> [TASK STATEMENT] Nothing but the line holding "1-Methoxy-5-methyl-4-nitro-2-(trifluoromethyl)benzene" and the lines after it, through the end of the records, should be set down, each exactly as it is.

> [Crawled caption data]
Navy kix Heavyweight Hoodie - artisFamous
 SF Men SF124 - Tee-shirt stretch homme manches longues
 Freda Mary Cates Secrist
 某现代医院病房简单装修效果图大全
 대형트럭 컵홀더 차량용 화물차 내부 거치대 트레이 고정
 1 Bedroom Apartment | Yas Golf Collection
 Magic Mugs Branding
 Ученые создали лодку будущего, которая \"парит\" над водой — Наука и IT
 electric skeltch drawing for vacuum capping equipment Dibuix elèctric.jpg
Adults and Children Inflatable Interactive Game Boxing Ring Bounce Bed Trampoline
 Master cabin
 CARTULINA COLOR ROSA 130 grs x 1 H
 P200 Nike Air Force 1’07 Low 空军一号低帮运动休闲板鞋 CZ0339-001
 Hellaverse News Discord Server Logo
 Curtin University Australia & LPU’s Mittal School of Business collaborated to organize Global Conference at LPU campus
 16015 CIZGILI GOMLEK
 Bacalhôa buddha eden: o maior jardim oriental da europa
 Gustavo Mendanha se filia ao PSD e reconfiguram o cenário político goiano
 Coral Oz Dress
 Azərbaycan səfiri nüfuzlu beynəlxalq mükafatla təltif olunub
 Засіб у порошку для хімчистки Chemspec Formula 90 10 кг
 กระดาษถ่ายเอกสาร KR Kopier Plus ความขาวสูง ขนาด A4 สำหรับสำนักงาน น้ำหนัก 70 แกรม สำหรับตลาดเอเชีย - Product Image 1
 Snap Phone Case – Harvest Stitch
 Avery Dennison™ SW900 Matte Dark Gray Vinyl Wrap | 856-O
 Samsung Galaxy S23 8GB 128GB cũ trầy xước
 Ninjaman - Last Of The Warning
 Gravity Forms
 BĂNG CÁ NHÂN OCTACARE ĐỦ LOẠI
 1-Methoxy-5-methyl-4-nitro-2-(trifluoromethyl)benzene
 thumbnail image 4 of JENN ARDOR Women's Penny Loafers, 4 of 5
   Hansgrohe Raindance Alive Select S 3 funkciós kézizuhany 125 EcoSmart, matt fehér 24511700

> [FINISHED TASK]
 1-Methoxy-5-methyl-4-nitro-2-(trifluoromethyl)benzene
 thumbnail image 4 of JENN ARDOR Women's Penny Loafers, 4 of 5
   Hansgrohe Raindance Alive Select S 3 funkciós kézizuhany 125 EcoSmart, matt fehér 24511700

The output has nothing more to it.